◆ Work item
Below are some records; reproduce every one of them exactly.

◆ Dataset entries
----------------
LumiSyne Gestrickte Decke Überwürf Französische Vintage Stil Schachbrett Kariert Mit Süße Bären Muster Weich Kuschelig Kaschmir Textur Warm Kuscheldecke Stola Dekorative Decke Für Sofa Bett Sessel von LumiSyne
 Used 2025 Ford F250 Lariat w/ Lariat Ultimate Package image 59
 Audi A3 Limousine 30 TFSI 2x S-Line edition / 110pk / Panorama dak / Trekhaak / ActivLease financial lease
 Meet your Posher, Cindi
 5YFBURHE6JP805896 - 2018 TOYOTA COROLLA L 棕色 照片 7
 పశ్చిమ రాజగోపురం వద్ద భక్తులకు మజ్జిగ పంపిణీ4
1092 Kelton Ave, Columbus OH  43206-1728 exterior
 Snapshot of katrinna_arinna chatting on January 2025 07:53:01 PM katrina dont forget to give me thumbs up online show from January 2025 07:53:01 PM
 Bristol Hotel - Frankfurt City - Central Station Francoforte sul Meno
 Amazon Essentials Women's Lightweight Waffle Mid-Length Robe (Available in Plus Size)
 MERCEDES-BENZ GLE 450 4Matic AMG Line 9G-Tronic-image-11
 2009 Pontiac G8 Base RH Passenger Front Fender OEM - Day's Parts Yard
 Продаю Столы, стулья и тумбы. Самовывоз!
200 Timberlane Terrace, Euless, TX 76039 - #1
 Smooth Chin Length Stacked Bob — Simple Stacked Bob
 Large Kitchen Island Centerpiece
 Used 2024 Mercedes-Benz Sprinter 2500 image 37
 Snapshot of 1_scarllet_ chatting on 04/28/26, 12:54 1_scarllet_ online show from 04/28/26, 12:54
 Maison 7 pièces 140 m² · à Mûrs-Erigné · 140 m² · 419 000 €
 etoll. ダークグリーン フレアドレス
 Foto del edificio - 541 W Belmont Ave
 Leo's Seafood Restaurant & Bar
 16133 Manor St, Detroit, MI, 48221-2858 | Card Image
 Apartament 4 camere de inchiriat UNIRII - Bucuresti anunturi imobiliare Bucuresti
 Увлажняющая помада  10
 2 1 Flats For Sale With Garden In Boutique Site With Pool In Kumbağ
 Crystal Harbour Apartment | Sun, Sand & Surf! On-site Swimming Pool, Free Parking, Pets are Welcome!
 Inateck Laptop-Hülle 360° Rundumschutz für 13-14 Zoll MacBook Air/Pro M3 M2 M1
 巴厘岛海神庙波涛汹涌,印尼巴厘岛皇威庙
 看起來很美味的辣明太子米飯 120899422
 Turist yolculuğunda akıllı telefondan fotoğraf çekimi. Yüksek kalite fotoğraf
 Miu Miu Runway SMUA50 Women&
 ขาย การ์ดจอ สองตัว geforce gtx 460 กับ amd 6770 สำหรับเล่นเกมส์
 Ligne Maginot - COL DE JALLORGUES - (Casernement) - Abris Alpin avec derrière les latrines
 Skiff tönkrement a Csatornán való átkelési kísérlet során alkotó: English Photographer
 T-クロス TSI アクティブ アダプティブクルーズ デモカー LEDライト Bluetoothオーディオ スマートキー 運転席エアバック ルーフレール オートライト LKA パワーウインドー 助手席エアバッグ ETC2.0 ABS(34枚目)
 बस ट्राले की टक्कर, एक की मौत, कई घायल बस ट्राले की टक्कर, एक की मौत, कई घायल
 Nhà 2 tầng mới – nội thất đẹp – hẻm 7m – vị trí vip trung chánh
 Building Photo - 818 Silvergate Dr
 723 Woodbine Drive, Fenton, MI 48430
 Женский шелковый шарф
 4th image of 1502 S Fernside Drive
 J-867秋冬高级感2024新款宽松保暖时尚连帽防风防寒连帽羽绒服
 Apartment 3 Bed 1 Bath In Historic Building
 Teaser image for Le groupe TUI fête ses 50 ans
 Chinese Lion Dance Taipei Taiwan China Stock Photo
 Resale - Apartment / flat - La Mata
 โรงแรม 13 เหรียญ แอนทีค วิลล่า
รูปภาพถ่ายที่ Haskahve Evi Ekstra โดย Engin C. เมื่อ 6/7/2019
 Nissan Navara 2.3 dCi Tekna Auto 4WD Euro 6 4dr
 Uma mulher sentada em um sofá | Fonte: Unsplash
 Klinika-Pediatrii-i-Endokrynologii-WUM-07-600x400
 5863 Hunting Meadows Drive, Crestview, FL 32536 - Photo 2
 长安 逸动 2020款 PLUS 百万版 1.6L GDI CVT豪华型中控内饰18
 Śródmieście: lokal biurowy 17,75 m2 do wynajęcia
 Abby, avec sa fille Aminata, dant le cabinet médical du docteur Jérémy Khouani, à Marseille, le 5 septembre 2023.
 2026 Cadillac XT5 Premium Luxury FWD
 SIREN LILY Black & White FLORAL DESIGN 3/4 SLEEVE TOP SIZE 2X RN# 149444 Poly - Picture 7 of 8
----------------
◆ Answer area
LumiSyne Gestrickte Decke Überwürf Französische Vintage Stil Schachbrett Kariert Mit Süße Bären Muster Weich Kuschelig Kaschmir Textur Warm Kuscheldecke Stola Dekorative Decke Für Sofa Bett Sessel von LumiSyne
 Used 2025 Ford F250 Lariat w/ Lariat Ultimate Package image 59
 Audi A3 Limousine 30 TFSI 2x S-Line edition / 110pk / Panorama dak / Trekhaak / ActivLease financial lease
 Meet your Posher, Cindi
 5YFBURHE6JP805896 - 2018 TOYOTA COROLLA L 棕色 照片 7
 పశ్చిమ రాజగోపురం వద్ద భక్తులకు మజ్జిగ పంపిణీ4
1092 Kelton Ave, Columbus OH  43206-1728 exterior
 Snapshot of katrinna_arinna chatting on January 2025 07:53:01 PM katrina dont forget to give me thumbs up online show from January 2025 07:53:01 PM
 Bristol Hotel - Frankfurt City - Central Station Francoforte sul Meno
 Amazon Essentials Women's Lightweight Waffle Mid-Length Robe (Available in Plus Size)
 MERCEDES-BENZ GLE 450 4Matic AMG Line 9G-Tronic-image-11
 2009 Pontiac G8 Base RH Passenger Front Fender OEM - Day's Parts Yard
 Продаю Столы, стулья и тумбы. Самовывоз!
200 Timberlane Terrace, Euless, TX 76039 - #1
 Smooth Chin Length Stacked Bob — Simple Stacked Bob
 Large Kitchen Island Centerpiece
 Used 2024 Mercedes-Benz Sprinter 2500 image 37
 Snapshot of 1_scarllet_ chatting on 04/28/26, 12:54 1_scarllet_ online show from 04/28/26, 12:54
 Maison 7 pièces 140 m² · à Mûrs-Erigné · 140 m² · 419 000 €
 etoll. ダークグリーン フレアドレス
 Foto del edificio - 541 W Belmont Ave
 Leo's Seafood Restaurant & Bar
 16133 Manor St, Detroit, MI, 48221-2858 | Card Image
 Apartament 4 camere de inchiriat UNIRII - Bucuresti anunturi imobiliare Bucuresti
 Увлажняющая помада  10
 2 1 Flats For Sale With Garden In Boutique Site With Pool In Kumbağ
 Crystal Harbour Apartment | Sun, Sand & Surf! On-site Swimming Pool, Free Parking, Pets are Welcome!
 Inateck Laptop-Hülle 360° Rundumschutz für 13-14 Zoll MacBook Air/Pro M3 M2 M1
 巴厘岛海神庙波涛汹涌,印尼巴厘岛皇威庙
 看起來很美味的辣明太子米飯 120899422
 Turist yolculuğunda akıllı telefondan fotoğraf çekimi. Yüksek kalite fotoğraf
 Miu Miu Runway SMUA50 Women&
 ขาย การ์ดจอ สองตัว geforce gtx 460 กับ amd 6770 สำหรับเล่นเกมส์
 Ligne Maginot - COL DE JALLORGUES - (Casernement) - Abris Alpin avec derrière les latrines
 Skiff tönkrement a Csatornán való átkelési kísérlet során alkotó: English Photographer
 T-クロス TSI アクティブ アダプティブクルーズ デモカー LEDライト Bluetoothオーディオ スマートキー 運転席エアバック ルーフレール オートライト LKA パワーウインドー 助手席エアバッグ ETC2.0 ABS(34枚目)
 बस ट्राले की टक्कर, एक की मौत, कई घायल बस ट्राले की टक्कर, एक की मौत, कई घायल
 Nhà 2 tầng mới – nội thất đẹp – hẻm 7m – vị trí vip trung chánh
 Building Photo - 818 Silvergate Dr
 723 Woodbine Drive, Fenton, MI 48430
 Женский шелковый шарф
 4th image of 1502 S Fernside Drive
 J-867秋冬高级感2024新款宽松保暖时尚连帽防风防寒连帽羽绒服
 Apartment 3 Bed 1 Bath In Historic Building
 Teaser image for Le groupe TUI fête ses 50 ans
 Chinese Lion Dance Taipei Taiwan China Stock Photo
 Resale - Apartment / flat - La Mata
 โรงแรม 13 เหรียญ แอนทีค วิลล่า
รูปภาพถ่ายที่ Haskahve Evi Ekstra โดย Engin C. เมื่อ 6/7/2019
 Nissan Navara 2.3 dCi Tekna Auto 4WD Euro 6 4dr
 Uma mulher sentada em um sofá | Fonte: Unsplash
 Klinika-Pediatrii-i-Endokrynologii-WUM-07-600x400
 5863 Hunting Meadows Drive, Crestview, FL 32536 - Photo 2
 长安 逸动 2020款 PLUS 百万版 1.6L GDI CVT豪华型中控内饰18
 Śródmieście: lokal biurowy 17,75 m2 do wynajęcia
 Abby, avec sa fille Aminata, dant le cabinet médical du docteur Jérémy Khouani, à Marseille, le 5 septembre 2023.
 2026 Cadillac XT5 Premium Luxury FWD
 SIREN LILY Black & White FLORAL DESIGN 3/4 SLEEVE TOP SIZE 2X RN# 149444 Poly - Picture 7 of 8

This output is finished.